Temeter hat geschrieben:Zuerst mal eine Frage an die Leute, die das Spiel schon durch haben. Außerdem Achtung, könnte einen gewissen Spoiler für alle enthalten, die noch nicht den hässlichsten Mann der Welt geheilt haben. :wink:
Atm bin ich bei der Mission, Mitschreiter zu sammeln, um dann Ciri in Kaer Morhen gegen die wilde Jagd zu verteidigen (Brother in Arms/Isle of Mist-Missionen).
Die Sache ist, atm will ich erstmal die Massen an Nebenquests abarbeiten ( auch wenn es 'Arbeit' bei dieser Qualität nicht wirklich trifft), bevor die Story zuende geht, ohne diesen Hintergrund sind Spiele oft weniger spannen. Nur gibts selbst ohne die Skelliger Quests massig in Velen zu tun, inklusive Quests um die Level 30. Von Skellige ganz zu schweigen...
Mir gehts weniger darum, wie lange es exakt nach Kaer Morhens Verteidigung weitergeht (wäre imo ein bischen spoilerisch), aber ist das die finale Mission des Spiels? Wirkt auf mich von der Aufmachung her ein bischen wie die letzte 'Last Stand Mission' anderer Spiele wie Mass Effect.

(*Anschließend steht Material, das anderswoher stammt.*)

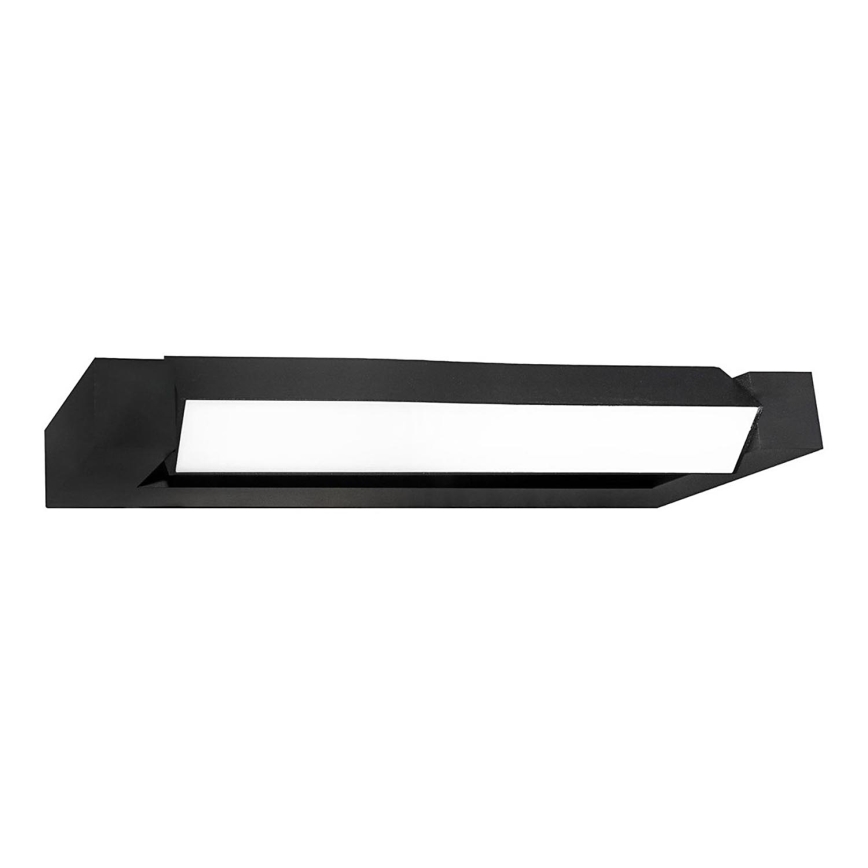 LED Fleksibilna vanjska zidna svjetiljka 2xLED/4W/230V IP54 30 cm crna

Oder geht die Hauptgeschichte noch ein bischen weiter, so dass ich auch nach der Verteidigung in Morhen noch schön weiter questen und später den Main Arc fortsetzen kann?

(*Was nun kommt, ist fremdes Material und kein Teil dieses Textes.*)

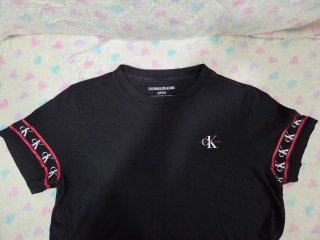 Camiseta Negra Calvin Klein Talla S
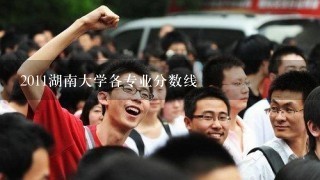 2011湖南大学各专业分数线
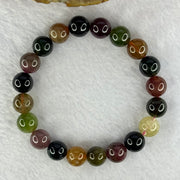 Good Grade Natural Tourmaline Beads Bracelet 好的天然碧玺珠手链 29.33g 16.5cm 9.9mm 20 Beads - Huangs Jadeite and Jewelry Pte Ltd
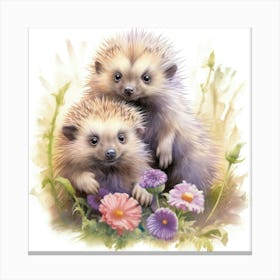 Hedgehogs 10 Toile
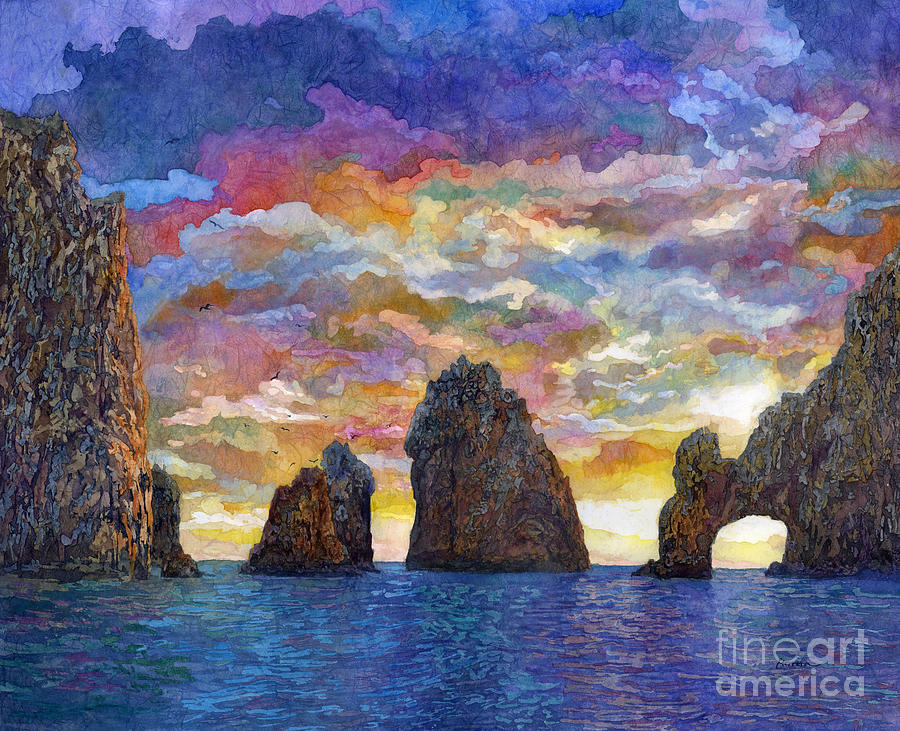 Sunset Painting - El Arco by Hailey E Herrera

Und nun mal eine vorläufige Perspektive nach 50+ Stunden Spielzeit, die vielleicht für einige interessant sein mag:
Kurz gefasst, das Spiel ist geil. Es ist nicht nur schön zu sehen, wie sich die Serie weiterentwickelt hat: Wirkte Witcher 1 noch wie das etwas ambitionierte und dennoch gehaltvolle Werk eines unerfahrenen Entwicklers, der zweite wie eine auf das wichtigste konzentrierte Fortsetzung, haben wir hier wohl ein waschechtes, wenn auch frühes Magnum Opus, welches schwer zu übertreffen sein sollte.

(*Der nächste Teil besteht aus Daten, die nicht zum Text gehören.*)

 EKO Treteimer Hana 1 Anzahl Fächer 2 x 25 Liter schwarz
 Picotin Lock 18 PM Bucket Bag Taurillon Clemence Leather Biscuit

Lang gefasst, PR Unsinn hin oder her, wenigstens für mich ist Witcher 3 eins der besten RPGs, die ich je gespielt habe. Für ein Spiel ist es einfach unglaublich gut geschrieben, hier werden Qualitäten aufgefahren, die man in dessen besten Momenten sogar eher im höherwertigen literarischen Bereich erwarten würde. Dort erreicht es ein völlig anderes Level als beispielsweise Bioware-Produktionen. Fast jeder kleine Quest hat ein teils einzigartiges Ensemble an Charachteren mit eigenen Motivationen, seine Wendungen und Entscheidungen, wie mit ihnen umgegangen wird. Alles im klassischen Witcher-Stil, in dem Gut und Böse einfach nicht existieren.
Und damit habe ich nicht einmal die Hauptquests angesprochen, welche einfach erstklassig gemacht sind. Als ich zuerst das Muster erkannt habe, sind meine Erwartungen erstmal ins bodenlose gerutscht, weil so eine passive Story-Aufmachung einem wirklich die Motivation zerschießen kann. Aber einfach alles in diesem Spiel ist so interessant gemacht, dass solche Gedanken erst gar nicht aufkommen, ganz zu schweigen das man in der Tat etwas von Ciri zu sehen bekommt, was als Kenner der Bücher ein toller Bonus ist! Und abseits Ciri... Nun, einige hier haben den blutigen Baron schon erwähnt. Holy Shit, das ist nicht nur eine der ambitioniertesten Stories, die man in einem Spiel bestaunen konnte, und auch eine der mutigsten. Die Leutchen bei CDP Red machen keine halben Sachen.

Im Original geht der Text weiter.